More significantly, from up close, the White House mostly didn’t seem that dysfunctional. Tapper and Thompson, it’s important to note, don’t report that Biden’s addled state led to poor judgment, at least aside from the catastrophic choice to run for reelection. Indeed, they wrote, Biden critics they spoke to “continued to the end to attest to his ability to make sound decisions, if on his own schedule.”

Had Biden been younger, Tapper and Thompson suggest, he might have been more forceful on the border. I suspect that his anachronistic view of Israel, dating back to the heyday of Labor Zionism, is partly responsible for his refusal to stand up to Benjamin Netanyahu. But on a day-to-day basis, the administration often looked, to those who shared its priorities, to be doing a decent job.

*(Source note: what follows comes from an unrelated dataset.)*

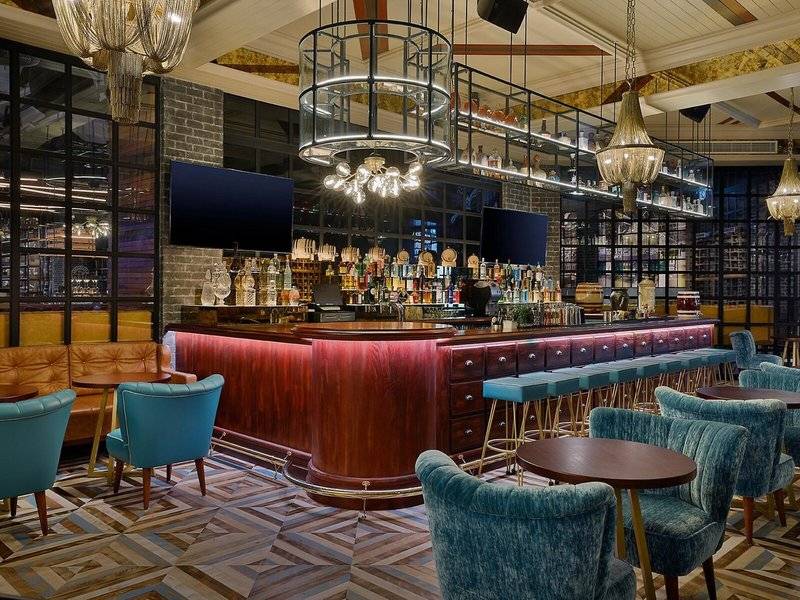 Innenansicht der Bar im Hilton Dubai Palm Jumeirah mit Holztheke und blauen Stühlen.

Among those least equipped to recognize the brewing crisis over Biden’s competence, then, may have been those close enough to the White House to be deeply engaged with policy, but not so close that they regularly saw the president in person. Being in Washington gave them lots of insight into legislative sausage-making, but it also trapped them in a bubble, unable to recognize how weak Biden appeared to the public, and how untenable his continuing leadership had become.

A similar sort of bubble still exists. According to “Original Sin,” Biden was confident that Trump would self-destruct on the debate stage, and all he had to do was stand back and let him. Reading that, I thought of the strategists who argued that after Trump’s reelection, Democrats should “roll over and play dead,” in James Carville’s words, while Republicans discredit themselves. Remembering the way Democrats brushed off polls showing how much their own voters wanted a new presidential nominee, I thought about a recent conversation I had with the House minority leader, Hakeem Jeffries, who dismissed surveys showing that Democratic voters are deeply disillusioned with congressional leadership.

There might have still been time, after Biden’s calamitous June debate performance, to put together a mini-primary, or at least a process of democratic consultation, to choose a replacement. (That, Tapper and Thompson write, is what Barack Obama and Nancy Pelosi wanted to do.) Creating such a process would have required the party to quickly come to terms with the scale of the emergency they faced, to realize that the ordinary rules of politics needed to be tossed aside, and to act decisively and audaciously to bushwhack a way forward. Instead, even after Democrats realized Biden’s campaign couldn’t continue, the party faced nearly a month of indecision.

Less than a week after the debate, write Tapper and Thompson, the House party caucus chair, Pete Aguilar, understood that “the overwhelming majority of House Democrats wanted Biden to step down, but most were keeping quiet out of respect.” They needed less deference and more courage. They still do.